It stuck me a reliable. Even if it is not exactly true, perhaps it can still be reliable.Ah, yes. I hope so.
Your movie made me want to be an Italian so that I could more fully understand all the ins-and-outs of the people and the politics. But Il Divo also made me grateful I was not an Italian so that I didn't have to live under the power and control of "leaders" like this. Of course, we did live through Mr. Bush over here… (Sorrentino laughs) But it is not the same.
No, it is not the same.
Bush had his eight years, but this guy has had…. fifty?
Italy, I think, is a rather strange country for democracy.
Why?
Because I think that democracy has not completely developed here. Italy has one foot in the west, but its other foot in some country like the third world or like Latin America. So we have what we call two shoes in different situation. For example, the fact that Andreotti has now been made a "senator for life" is something like a dictatorship. And so we weave between, hmmm, the United Kingdom and… Zimbabwe.
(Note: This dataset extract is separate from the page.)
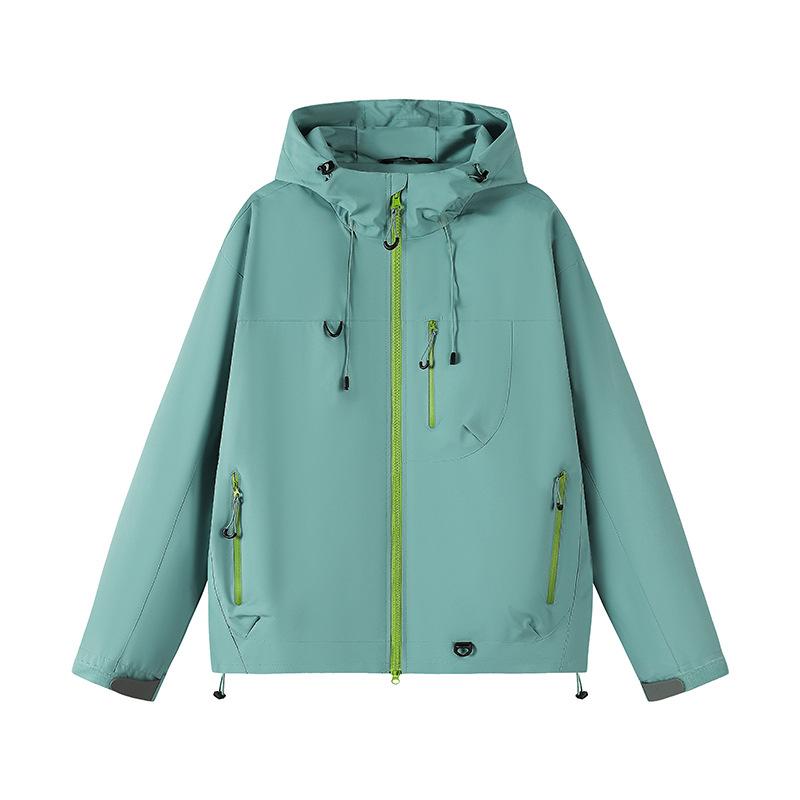 Three-defense Outdoor Mountaineering Jacket Jacket Men and Women Loose Casual and Versatile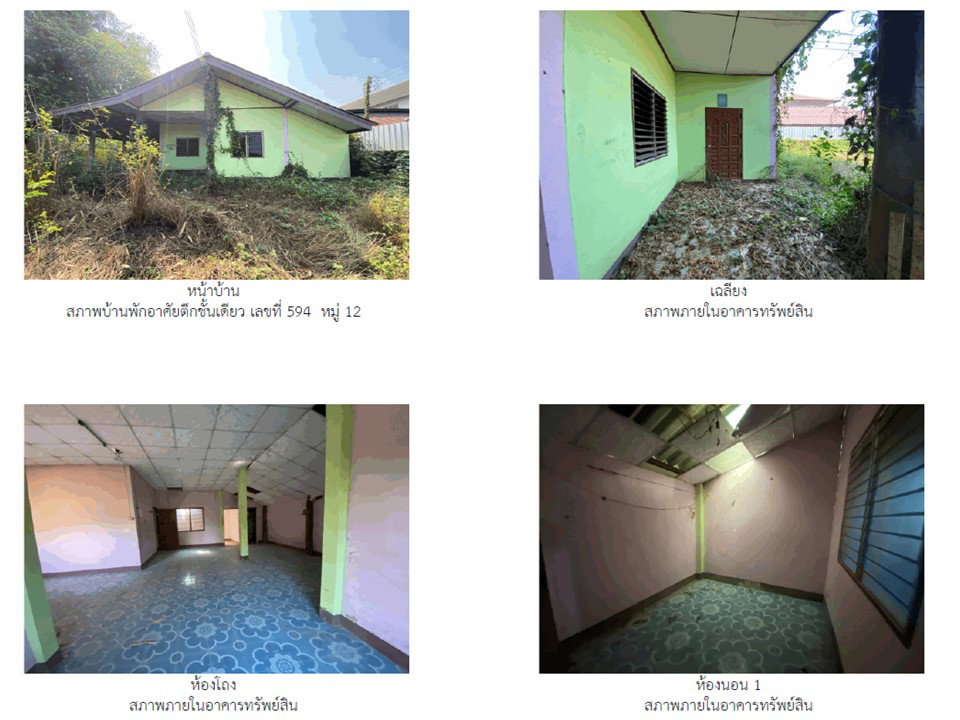 รูป ที่ดินพร้อมสิ่งปลูกสร้าง 188 ตร.วา เกาะคา ลำปาง 735,000 - รูปที่ 4/5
From Il Divo: the Andreotti entourage
When I was watching the film, despite all the evil things that Andreotti was doing, I kept thinking, Wow-- this could be a great man! But he has gone greatly wrong. Does that make sense?
That is true because there is a greatness in Andreotti. Certainly he is greatly fascinating. And evil is greatly fascinating.
But Andreotti had such skills in surrounding himself with this cadre of powerful people and making use of them so well for his own purposes. This is certainly a skill. We hope Obama will have such skills -- but will use them toward better ends.
I think this happens when you have a man who loves power for the sake of power and not for the greater good. I believe that Andreotti is a kind of man who loves the power and so all his actions are finalized around the idea to hold onto this power. Not for so much money or women. Just for the power.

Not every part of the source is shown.